Absolut'u farklılaştıran güçlü yanlarından bi tanesi ürün yelpazesindeki çeşitlilik elbette. Şeftaliliden vanilyalıya, orman meyvelisinden biberlisine çok geniş bir aroma yelpazesi var. Genellikle her ürünü için değişik pazarlama stratejilerine başvuruyor.



Diğer bir pazarlama stratejileri ise; "Absolut İstanbul", "Absolut Newyork" şeklinde devam eden reklamları. Burda aslında herhangi bir lokalleşme çalışması yok. Votka heryerde aynı votka. Fakat kullandıkları afişleri öyle vurucu ki, insana "Absolut, doğma büyüme İstanbullu'ymuş aslında" dedirtiyor. Meksika'da yürüttükleri kampanyanın afişlerinde ise Amerika Birleşik Devletleri'nin güney eyaletleri Meksika sınırları içerisinde gösteriliyor. Bunun için de bir reklam sloganları var: "in an absolut world".

Firma, afişlerini ve şişelerini dünyanın en ünlü tasarımcılarına çizdiriyor. Hatta bu dizaynlarını "t-shirtlestiriyor", "çantalaştırıyor". Ürünlerini bir çeşit hayat tarzı şeklinde gösteriyorlar. Bu hayat tarzı sabit bir taslak halinde değil, herkesin kendini gördüğü, kendine yakıştırdığı şekilde sunuluyor insanlara.

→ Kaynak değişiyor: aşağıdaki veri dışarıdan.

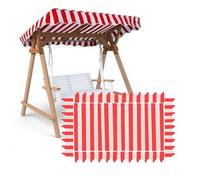TAJMDGW Balancelle Hollywoodienne Toit De Rechange Rayures Toile De Rechange Balancelle De Terrasse Jardin, Soleil Auvent De Balançoire Extérieur(Red stripe,195X125cm)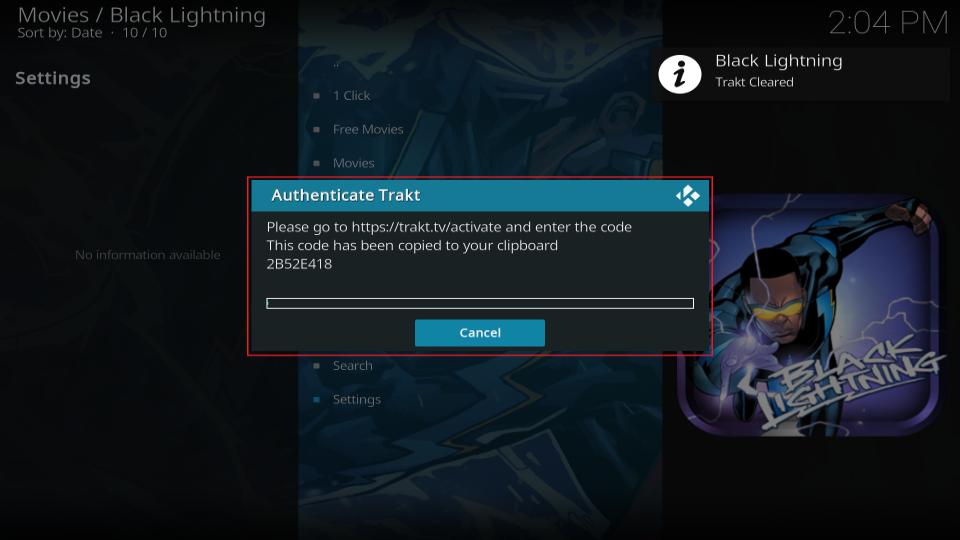 trakt authorization screen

Türkiye pazarlarına bakacak olursak ise firmanın kısa zamanda çok büyük bir ivme kazandığı ortada. 90'lı yıllarda Türkiye pazarına girmelerine rağmen, az zamanda büyük işler yaptılar. Sadece 2006 yılında Türkiye'de yüzde 90 büyüdüklerini söylemek bile bu büyümeyi gösteriyor. sanırım. Türkiye'deki yeni pazarlama stratejileri ise parti ve organizasyon odaklı. Geçenlerde bornovada büyük bir parti gerçekleştirerek yeni ürünlerini tanıttılar.

Kısacası, Absolut kesinlikle bir pazarlama başarısı ve güzel bir hikayesi var. Geçtiğimiz günlerde Fransız Pernod Richard tarafından 5.6 milyar dolar karşışığında satın alınması bu başarının rakama dökülmüş hali. İnsan bu işe bakınca "elin gavuru yapmış" diyor. Bu arada bizim bi Tekel vardı ya, ne oldu ona?